Description of the task:
Every entry that follows should be output exactly, and every image in it left out.

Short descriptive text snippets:
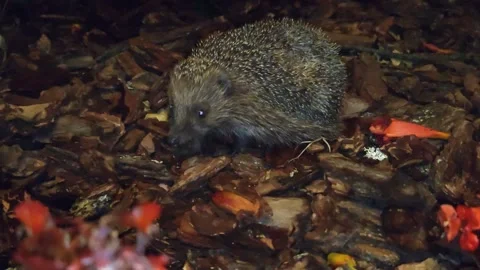 Hedgehog in the park Stock Footage 313295964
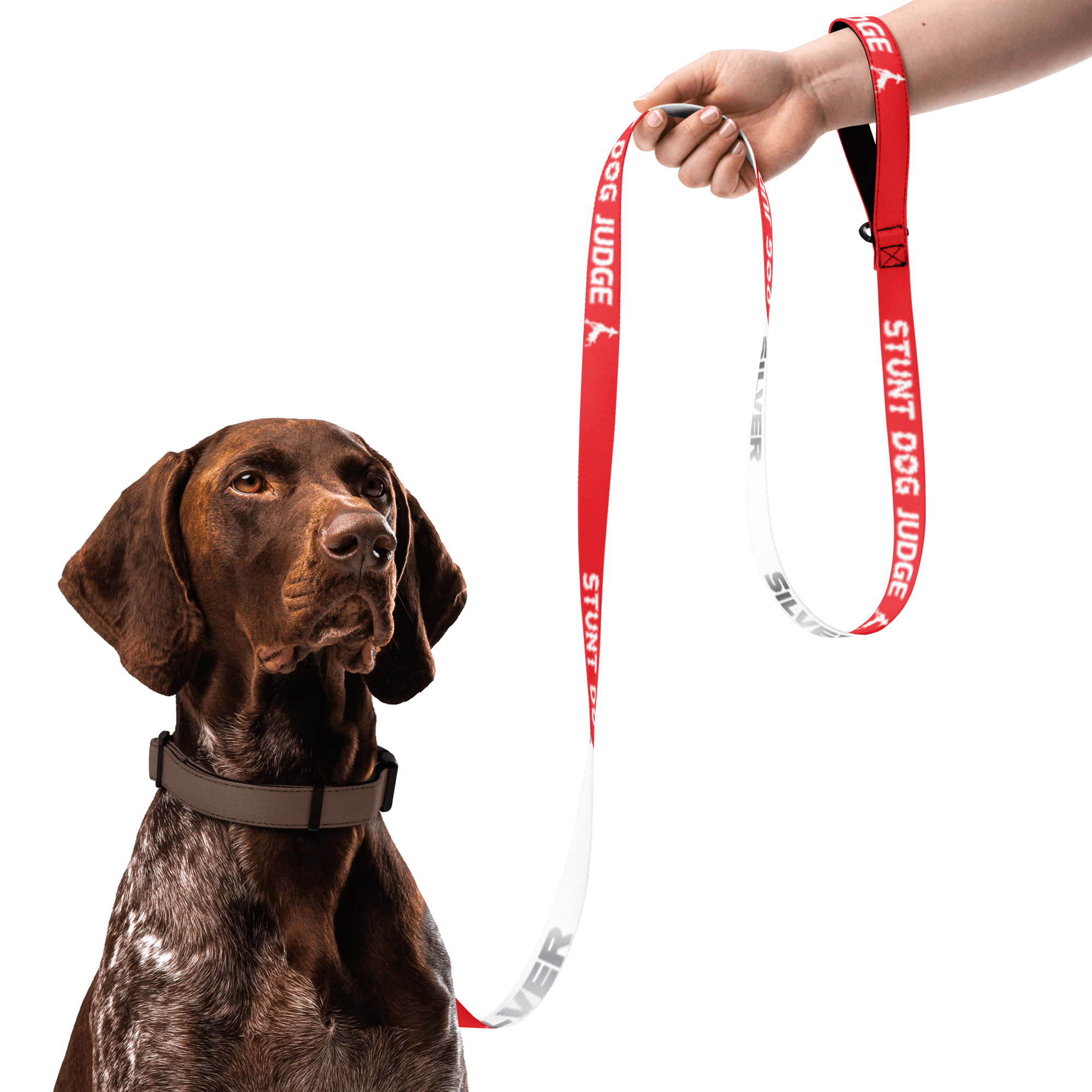 Stunt Dog Judge - Silver (Leash)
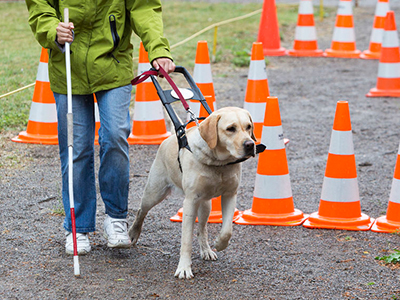 Disabilities awareness fair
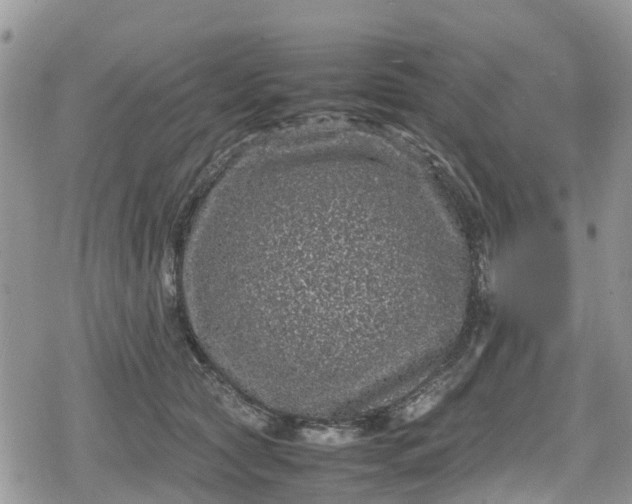 X0000078860561200611271414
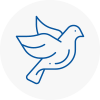 Bird Prevention Yeovil
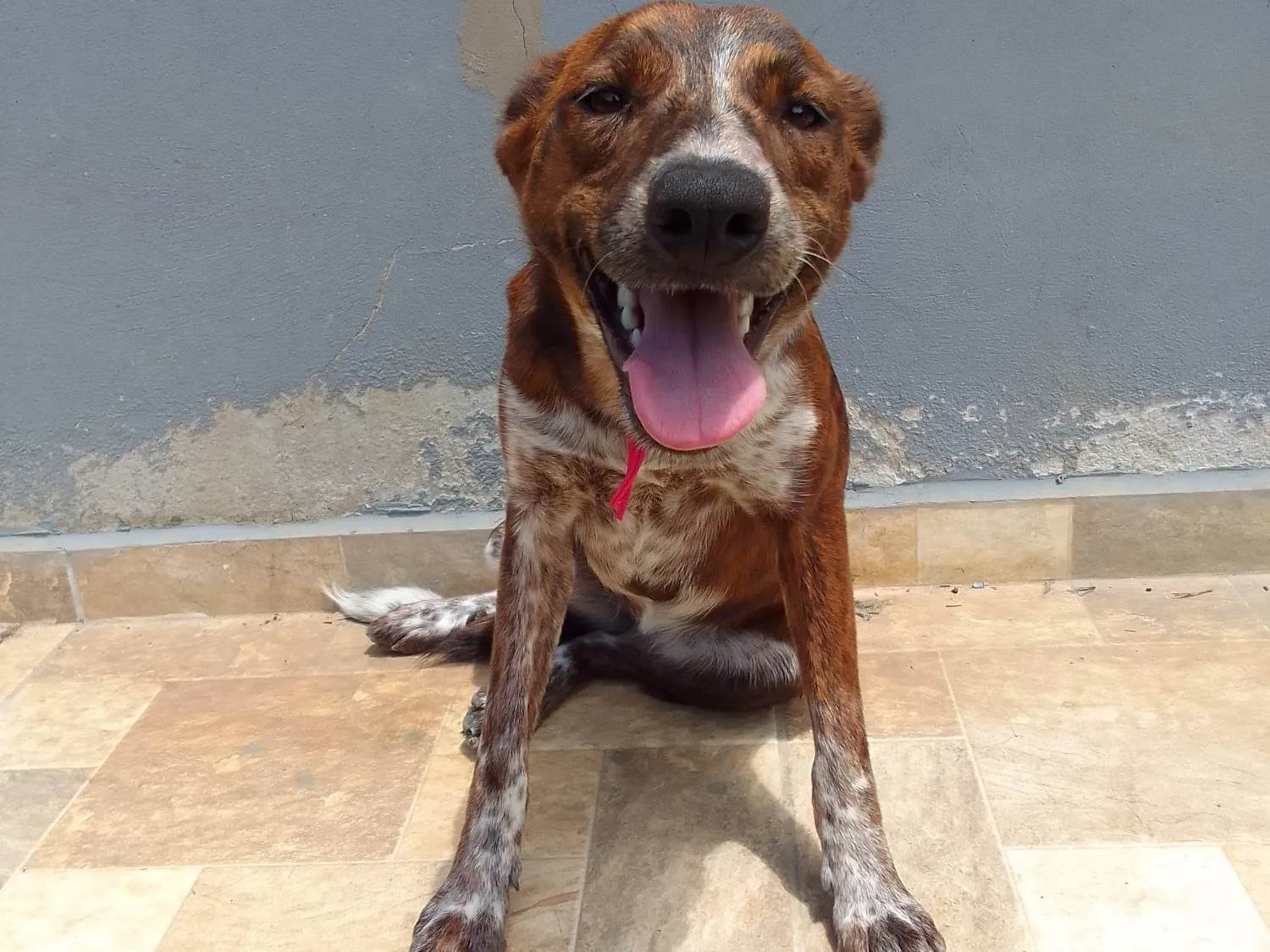 Cachorro Encontrado São José dos Campos/SP | Maya | 7 a 11 meses | Raça Vira-lata | tamanho Médio | foto 1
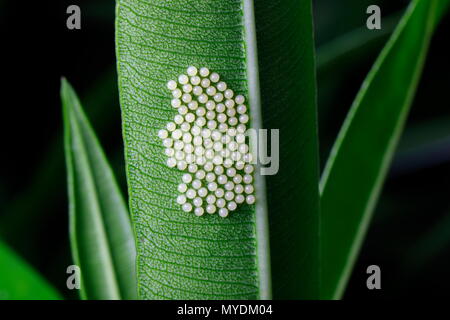 Polka Dot Wespen Motten und Eier oder Larven, Syntomeida epilais, schraffur Sequenzen auf der Oleander Blätter. Stockfoto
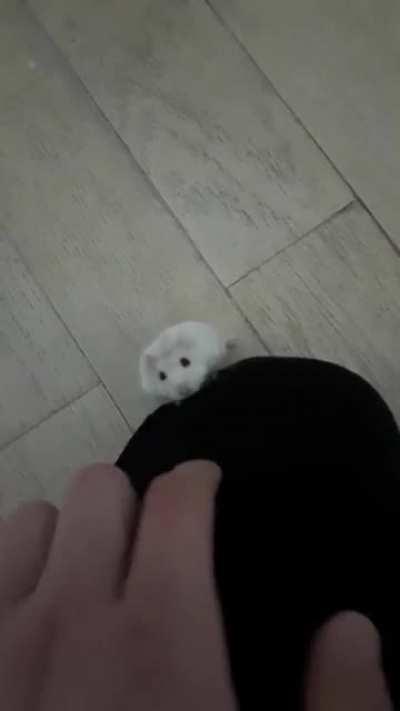 And they said hamsters don't show affection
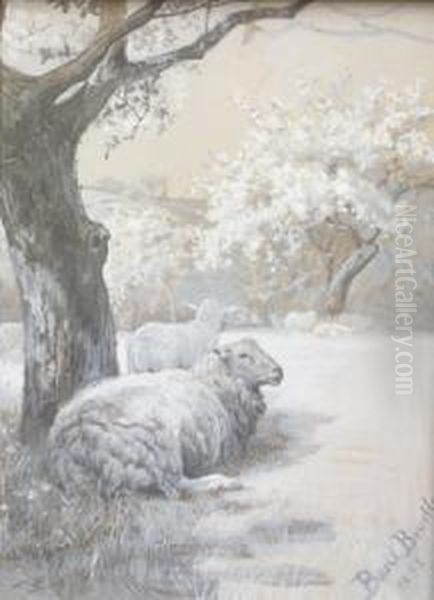 Sheep Resting Beneath Trees Oil Painting by Basil Bradley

Written response:
 Hedgehog in the park Stock Footage 313295964
 Stunt Dog Judge - Silver (Leash)
 Disabilities awareness fair
 X0000078860561200611271414
 Bird Prevention Yeovil
 Cachorro Encontrado São José dos Campos/SP | Maya | 7 a 11 meses | Raça Vira-lata | tamanho Médio | foto 1
 Polka Dot Wespen Motten und Eier oder Larven, Syntomeida epilais, schraffur Sequenzen auf der Oleander Blätter. Stockfoto
 And they said hamsters don't show affection
 Sheep Resting Beneath Trees Oil Painting by Basil Bradley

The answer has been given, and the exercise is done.